Call handling
What to do if unknown numbers keep calling
8-minute read · Updated 2026-05-30
You're getting calls from numbers you don't recognize. Some are real, most aren't, and they won't stop. Here's a practical decision tree for handling them — without missing the calls that actually matter.
First, understand why blocking individual numbers doesn't work
Modern robocallers use caller-ID spoofing — they pick a fake number for each call, often one that looks local (your area code, sometimes your exact prefix). They cycle through thousands of fake numbers per day per campaign. Blocking one number stops exactly one call before they spoof a new one.
This is the core problem: the call data your phone shows you isn't reliable, and the bad actors have effectively unlimited supply of fake numbers.
The decision tree
Is the number in your contacts?
Answer if you want. Spoofing of friends-and-family numbers is rare for consumer scams (it happens in targeted fraud but not in mass robocalls).
Is it a local number you don't recognize?
Probably spoofed. “Neighbor spoofing” — picking a number that matches your area code and prefix — is the most common robocaller tactic.

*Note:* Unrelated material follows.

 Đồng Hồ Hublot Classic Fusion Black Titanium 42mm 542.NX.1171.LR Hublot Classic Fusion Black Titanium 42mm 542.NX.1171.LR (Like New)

Let it go to voicemail. If it's real, they'll leave one. Robocallers rarely do.
Is it a toll-free number (800, 833, 844, 855, 866, 877, 888)?
Be skeptical. Toll-free is heavily used by both legitimate businesses and scam operations. If it's your bank or a service you use, they probably contact you via app or email too — check there first. Look the number up here before calling back.
Is the caller asking for personal info, payment, or urgent action?
Hang up. Real institutions never demand immediate payment over the phone, never accept gift cards, and never threaten arrest. See our scam-call examples guide for the specific scripts.
Is the caller someone you legitimately need to hear from (new doctor, contractor, recruiter)?
This is the hard case. You can't pre-add them to contacts. They'll likely call from a number you don't recognize. The two real options are: (a) check voicemail religiously, or (b) use a call-screening tool that engages every unknown caller and routes through the ones who give a legitimate reason.
What if they keep calling and never leave a message?
That's almost certainly a robocaller. Three things to do:
- 1. Don't pick up. Don't press any keys if you do. Both confirm your number is live and put you on more lists.
- 2. Report the number to donotcall.gov and here. Reports feed downstream filters.
- 3. Add an active screening layer (see below). Blocking and labeling only do so much when the caller-ID is faked.
The honest answer about “making it stop”
You can't make unwanted calls not happen — that would require the FCC and telecom carriers to solve a problem they've been working on for years and still haven't cracked. What you can do is make them not reach you. That's what screening does: the calls still happen, but someone (or something) else handles them, and you only hear about the ones that matter.